The world´s most valuable startup, Californian origin company Uber, is pushing a new revolution, where anybody can order a taxi-type service with much lower cost than earlier. This does not mean today cars without drivers, but the new way of service is opening a path to self-driven cars. In Europe, where public transportation, is in a much stronger position than in the USA and many other places in the globe, mobile as a service (Maas) concept is opening a new way of organising people´s transportation services. This will also push self-driven vehicle development.

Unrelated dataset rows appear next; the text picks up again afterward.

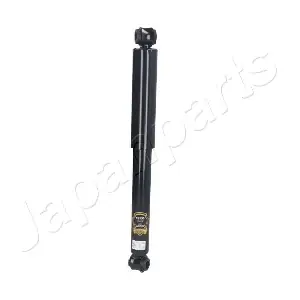JAPANPARTS MM19995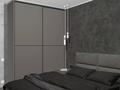 2-комнатная квартира · 50 м² · 13/20 этаж, Гагарина 310 за 3 500 ₸ в Алматы, Бостандыкский р-н — фото 3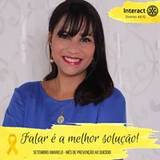 Marcela
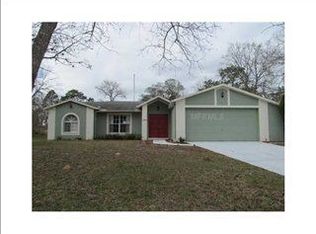 12404 Centennial St, Spring Hill, FL 34609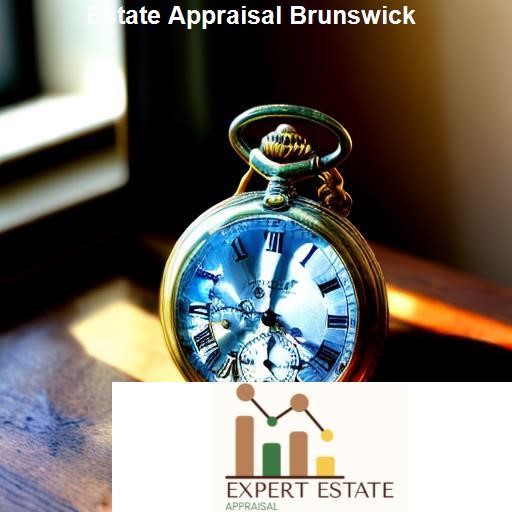 Factors Influencing Estate Appraisal - Expert Estate Appraisal Brunswick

Uber today is based on three business principles common to many fast growing start-ups: 1.) Asset light business model 2.) Sharing economy (peer-to-peer services) 3.) Customers paying on access to service rather than owning the asset (car in this case). Especially young people do not prefer to own a car, but rather want to have access easily and cost effectively to available cars or other transport means. For this reason car sharing is already growing rapidly in many city areas. Services are more cost effective without drivers. However, this leads to a development that Uber, among other transportation service companies, and car manufacturers are now investing heavily to self-driving vehicles. This will make, as a side effect, Uber business less “Asset light” and open a new type of risk for this large startup.
We can see the future cities and their transportation services and facilities different from today´s world. New service structure with self-driving vehicles as one core element will transform daily life as profoundly as cars did in the 20th century: reinventing transport and reshaping cities, while also dramatically reducing road deaths and pollution.
For rural areas and large countries with reasonable few people, like in large part of Finland, the revolution will came later with a little different form.